A Colômbia possui normas de construção antissísmicas e está acostumada a registrar tremores por estar localizada em uma região de intensa atividade tectônica. No entanto, o número de estruturas danificadas pelo terremoto de magnitude 7,4 levou autoridades a investigar se as normas de segurança estão sendo devidamente cumpridas.
O Japão, por outro lado, é considerado uma referência mundial em prevenção de terremotos. O país possui códigos de construção rígidos, sistemas de alerta antecipado, simulados frequentes e protocolos de resposta rápida.
Por isso, é menos comum que terremotos provoquem danos estruturais generalizados em edifícios japoneses. Mesmo assim, o tremor de magnitude 7,1 provocou desabamentos parciais em estruturas importantes.
Na Venezuela, o cenário é bastante diferente. Muitos edifícios em áreas como La Guaira e Caracas não foram construídos de acordo com normas sísmicas modernas. Isso contribuiu para os colapsos registrados após os tremores.

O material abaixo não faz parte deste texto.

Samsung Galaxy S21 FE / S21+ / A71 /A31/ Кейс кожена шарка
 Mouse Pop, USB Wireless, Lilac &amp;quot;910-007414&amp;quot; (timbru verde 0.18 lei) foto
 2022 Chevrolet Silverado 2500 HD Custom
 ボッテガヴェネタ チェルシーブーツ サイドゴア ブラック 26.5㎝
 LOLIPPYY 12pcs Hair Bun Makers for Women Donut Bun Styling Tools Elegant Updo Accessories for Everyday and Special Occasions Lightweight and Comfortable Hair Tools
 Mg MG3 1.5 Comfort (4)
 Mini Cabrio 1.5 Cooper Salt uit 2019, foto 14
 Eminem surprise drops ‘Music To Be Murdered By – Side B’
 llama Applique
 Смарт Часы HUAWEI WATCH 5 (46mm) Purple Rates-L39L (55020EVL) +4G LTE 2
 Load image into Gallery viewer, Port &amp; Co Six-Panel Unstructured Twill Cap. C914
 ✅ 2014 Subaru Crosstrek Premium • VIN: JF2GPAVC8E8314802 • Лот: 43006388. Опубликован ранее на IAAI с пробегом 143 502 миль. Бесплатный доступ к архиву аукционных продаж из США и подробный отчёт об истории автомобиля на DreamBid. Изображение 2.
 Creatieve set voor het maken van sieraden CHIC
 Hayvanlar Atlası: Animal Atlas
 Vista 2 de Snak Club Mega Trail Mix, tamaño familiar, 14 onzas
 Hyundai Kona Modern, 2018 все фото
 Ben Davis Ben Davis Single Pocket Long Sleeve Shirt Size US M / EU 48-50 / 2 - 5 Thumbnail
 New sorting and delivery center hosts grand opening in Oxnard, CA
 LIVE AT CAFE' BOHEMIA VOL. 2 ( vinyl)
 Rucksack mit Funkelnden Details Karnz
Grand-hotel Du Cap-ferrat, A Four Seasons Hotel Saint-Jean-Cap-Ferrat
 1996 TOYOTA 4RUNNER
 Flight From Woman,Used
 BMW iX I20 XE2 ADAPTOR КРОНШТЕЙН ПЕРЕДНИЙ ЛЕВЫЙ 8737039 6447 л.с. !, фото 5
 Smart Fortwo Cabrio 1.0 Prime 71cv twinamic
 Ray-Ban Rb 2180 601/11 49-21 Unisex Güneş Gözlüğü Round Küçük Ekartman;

A resposta à emergência também foi alvo de críticas. Em algumas regiões, famílias chegaram a procurar vítimas nos escombros utilizando as próprias mãos, diante da falta de equipamentos pesados para as operações de resgate.
Por que os resultados foram tão diferentes?
Os três terremotos mostram que a magnitude, sozinha, não determina o tamanho de uma tragédia. A profundidade do tremor, a distância em relação às áreas povoadas, o tipo de solo, a qualidade das construções, a densidade populacional e a capacidade de resposta das autoridades podem aumentar ou reduzir drasticamente o número de vítimas.
No caso da Venezuela, a combinação de tremores fortes e relativamente rasos com infraestrutura menos preparada contribuiu para uma destruição muito maior. No Japão, sistemas rigorosos de prevenção e construção ajudaram a limitar as consequências, mesmo diante de um terremoto de magnitude superior a 7. Já a Colômbia enfrenta agora o desafio de avaliar se suas normas de segurança foram suficientes para suportar um tremor de grande intensidade.